> SOURCE DATA
________________________

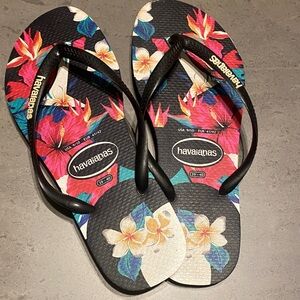 Havaianas Women's Black Floral Sandals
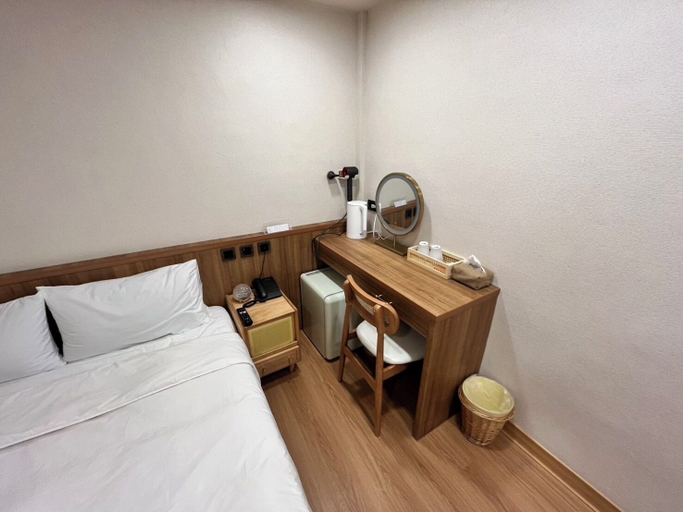 Bedroom 3, Cat Tail Pocket Inn ximen, Taipei City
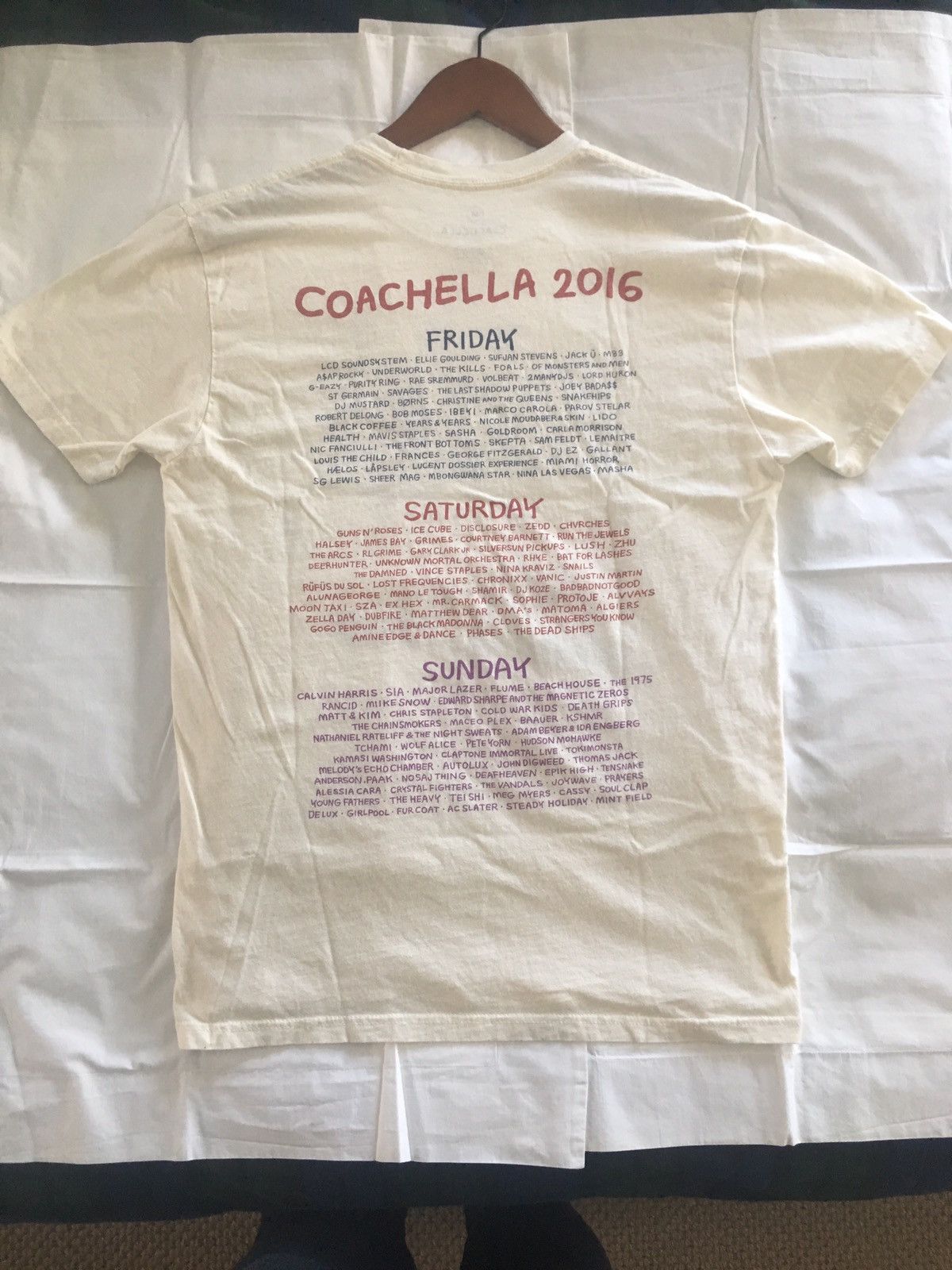 Coachella Coachella 2016 T-shirt Medium Size US M / EU 48-50 / 2 - 2 Preview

________________________

> TASK ITEM
Without any of its pictures, the listing is to be repeated exactly as it stands.

> TASK OUTPUT
 Havaianas Women's Black Floral Sandals
 Bedroom 3, Cat Tail Pocket Inn ximen, Taipei City
 Coachella Coachella 2016 T-shirt Medium Size US M / EU 48-50 / 2 - 2 Preview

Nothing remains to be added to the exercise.